Months later, Lapon would receive the highest award ever given to submarines, the Presidential Unit Citation. Whitey Mack would win a Distinguished Service Medal, the highest personal honor the Navy awarded its officers in peacetime.
But it was one of the messages sent out when Lapon was still on her way home that pleased Mack more than any other accolade. It wasn't addressed to Mack or to his crew. Instead, this message was sent out to every other submarine out on operations in the Atlantic: "Get out of the way. Whitey's coming through." The order was clear. Everyone was to make way and give the Lapon a clear track home.

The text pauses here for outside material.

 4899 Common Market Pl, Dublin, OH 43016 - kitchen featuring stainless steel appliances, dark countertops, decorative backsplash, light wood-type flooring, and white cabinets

When Mack heard that, he slapped his fist in his hand, shook his head and said: "Eat your heart out, suckers. Whitey's coming through."
Whitey Mack had set the new standard, one that other commanders were itching to match-indeed, itching to beat. Trailing Soviet missile subs was fast becoming the Navy's most critical mission, though not all of the men leading these dangerous hunts were as skilled as Mack, or as lucky.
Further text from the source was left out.